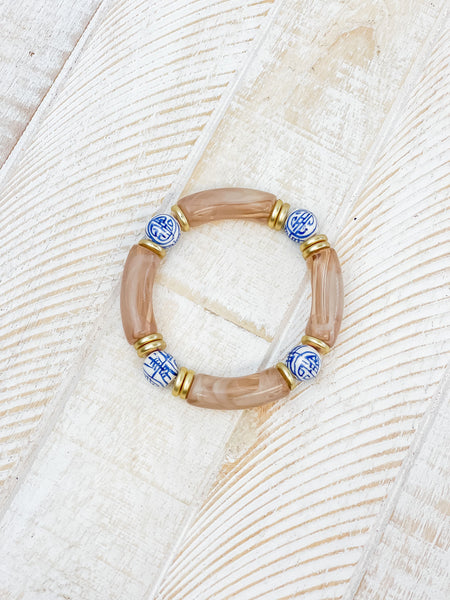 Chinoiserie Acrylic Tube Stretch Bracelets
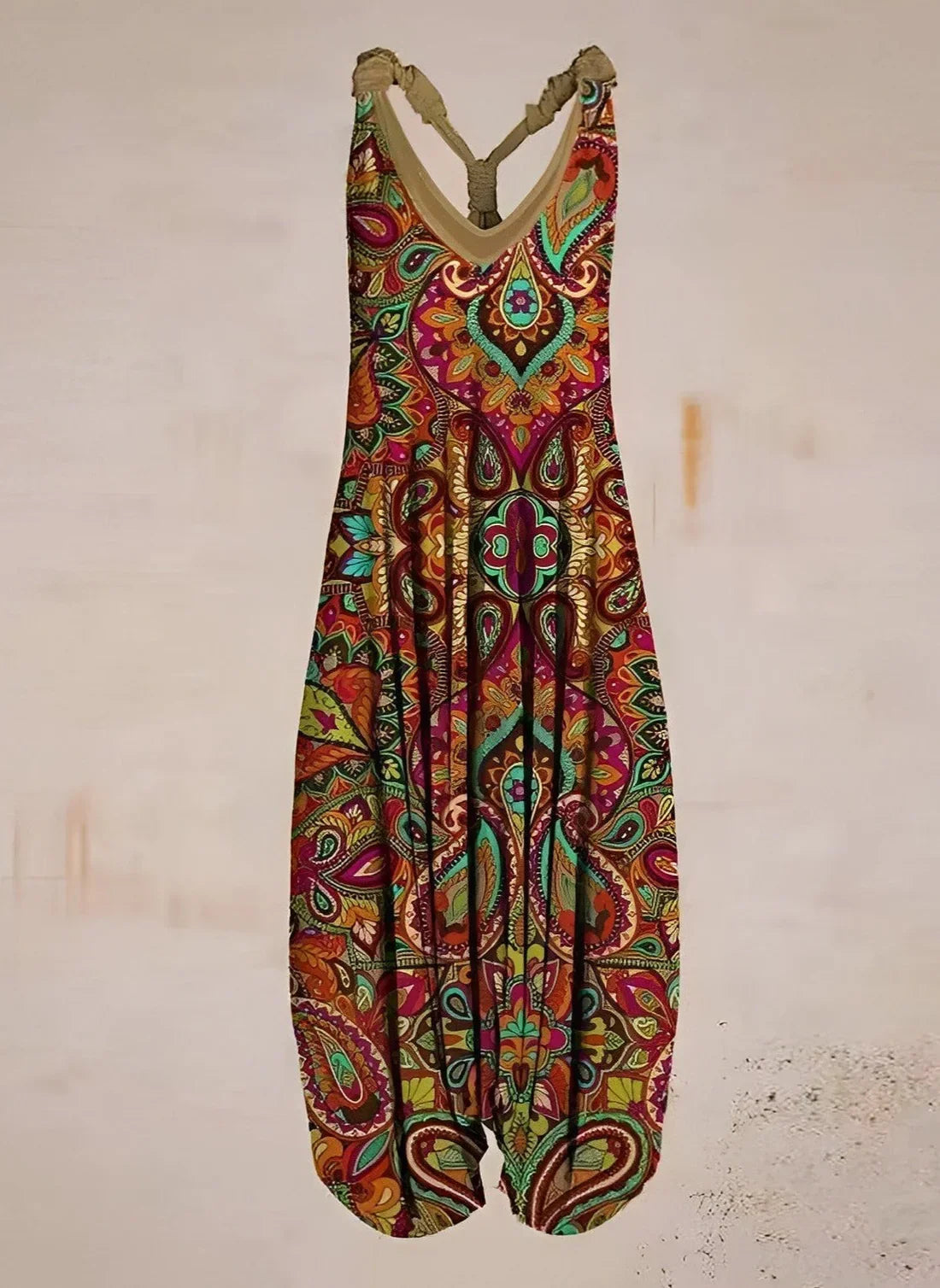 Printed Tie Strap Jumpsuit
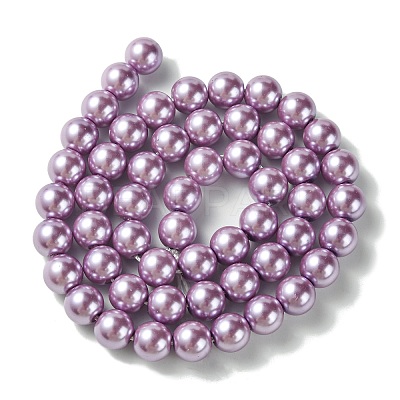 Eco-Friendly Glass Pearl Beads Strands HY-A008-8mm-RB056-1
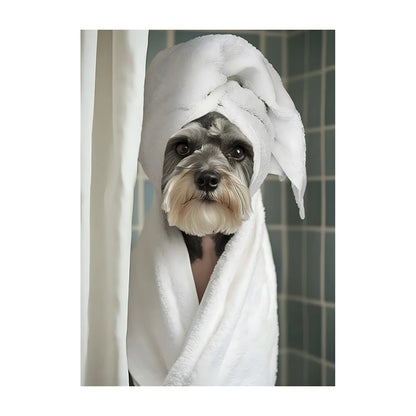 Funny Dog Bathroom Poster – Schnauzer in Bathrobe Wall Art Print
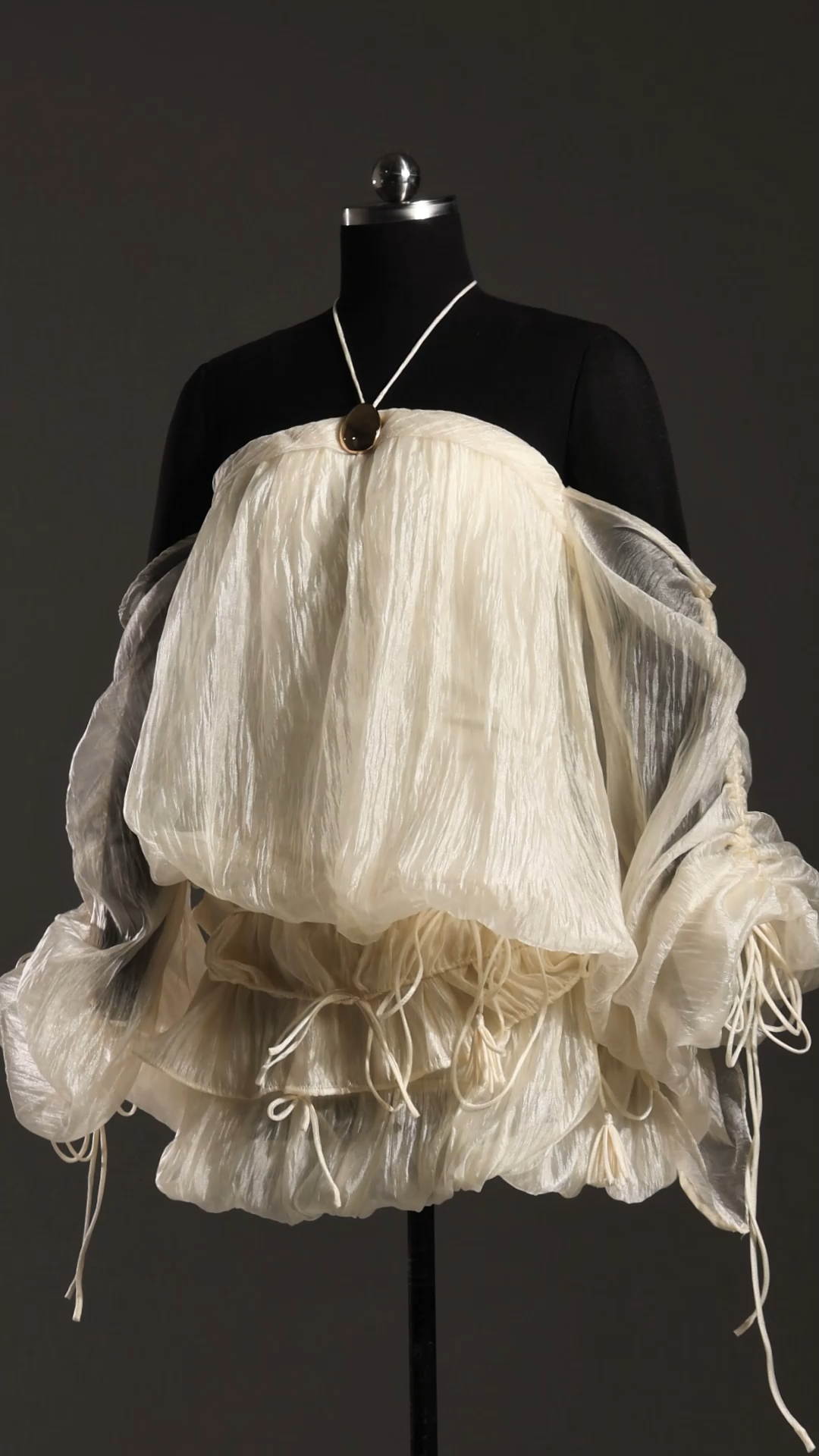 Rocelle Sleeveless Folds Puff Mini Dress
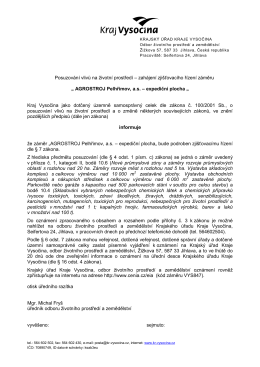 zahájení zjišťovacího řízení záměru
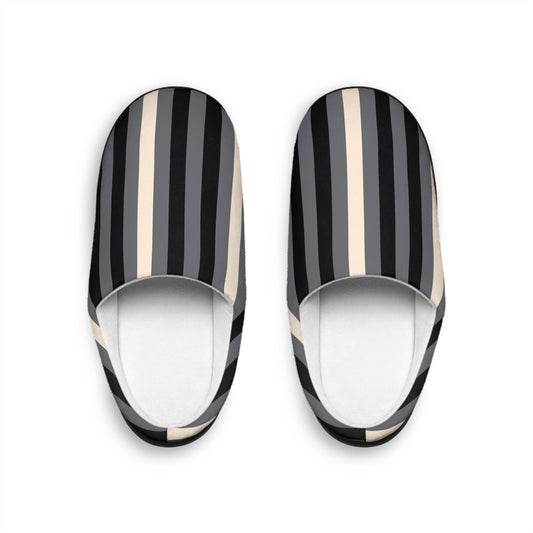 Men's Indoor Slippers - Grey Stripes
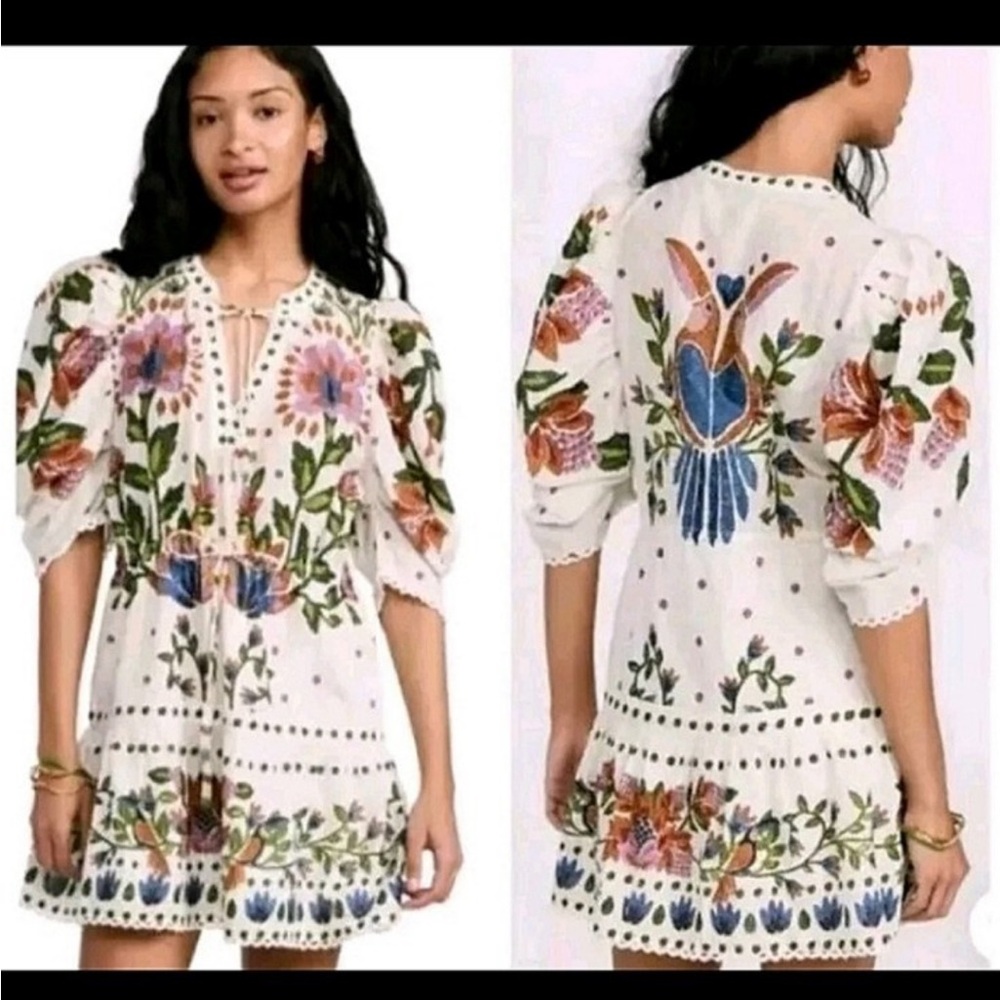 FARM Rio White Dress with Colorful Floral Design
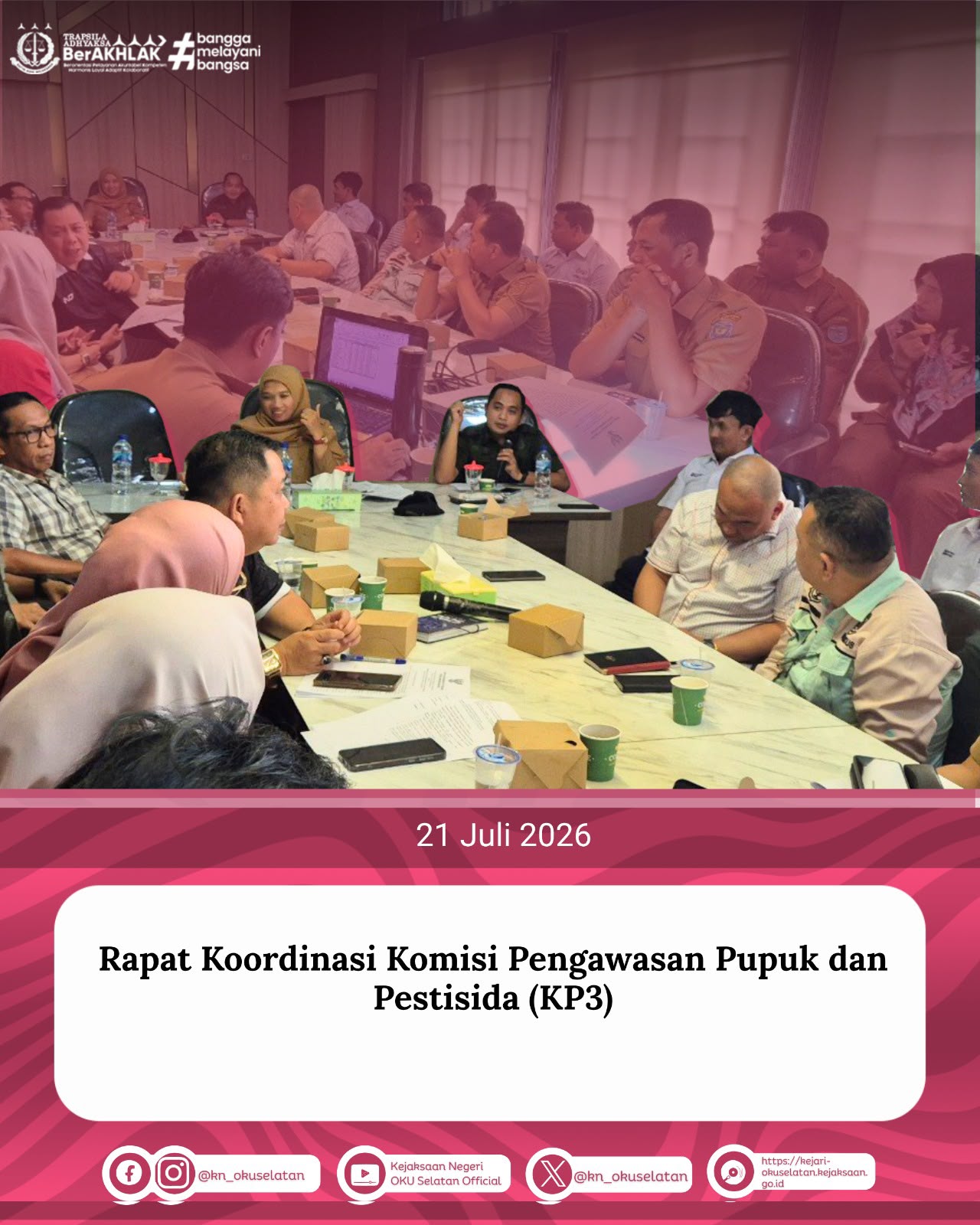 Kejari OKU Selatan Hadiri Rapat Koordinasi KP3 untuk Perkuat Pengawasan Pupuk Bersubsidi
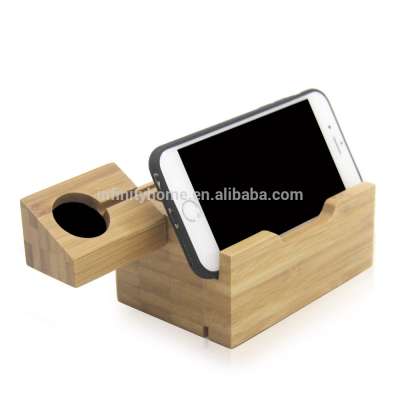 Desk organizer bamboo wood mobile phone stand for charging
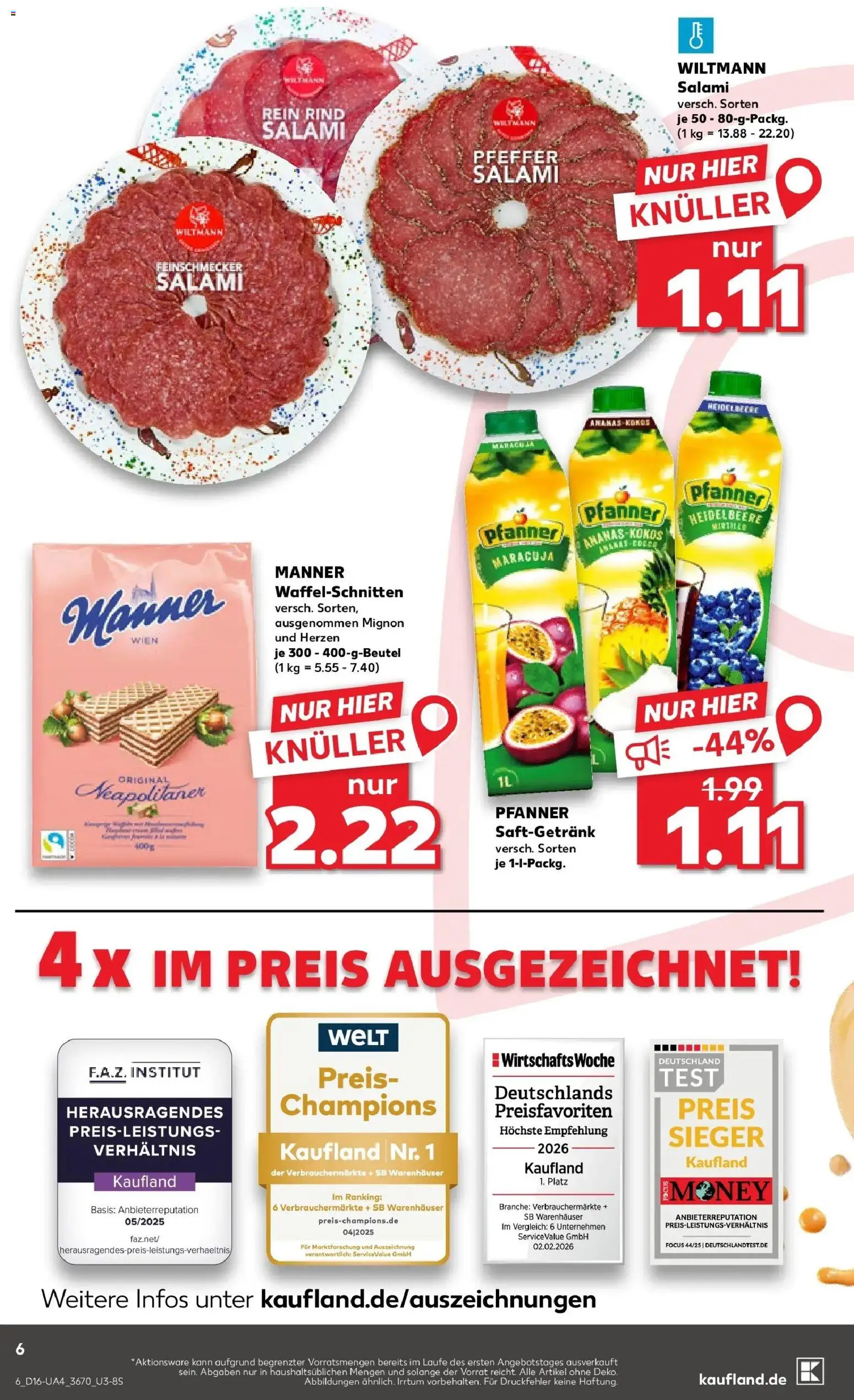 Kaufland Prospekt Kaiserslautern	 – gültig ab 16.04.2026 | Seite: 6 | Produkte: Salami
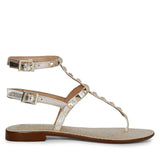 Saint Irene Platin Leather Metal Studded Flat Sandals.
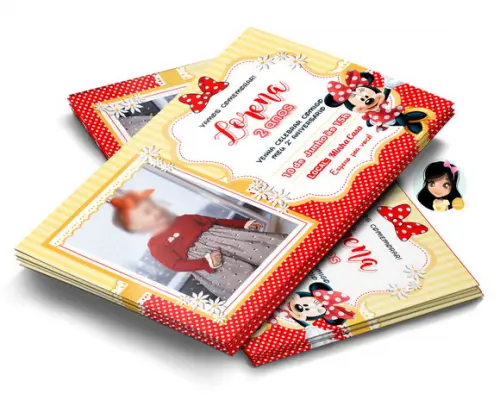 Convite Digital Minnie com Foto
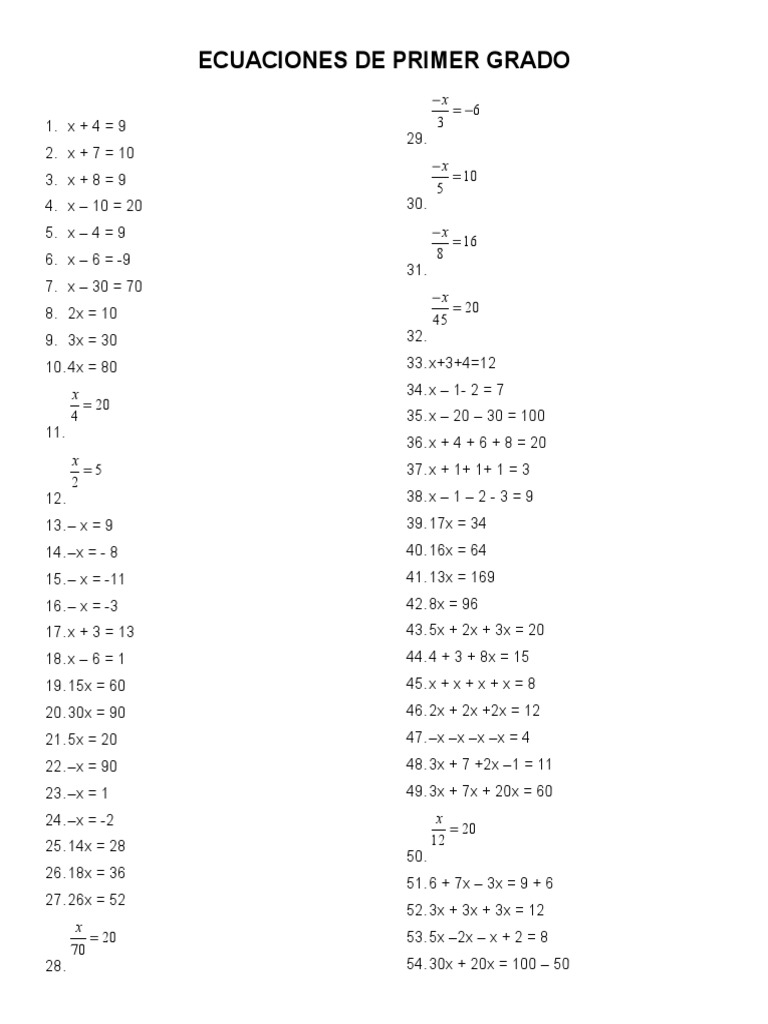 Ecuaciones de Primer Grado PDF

· · · ·

Leave out every picture and copy, exactly as written, the lines from the one with "Saint Irene Platin" through the end of the records above.

 Saint Irene Platin Leather Metal Studded Flat Sandals.
 Convite Digital Minnie com Foto
 Ecuaciones de Primer Grado PDF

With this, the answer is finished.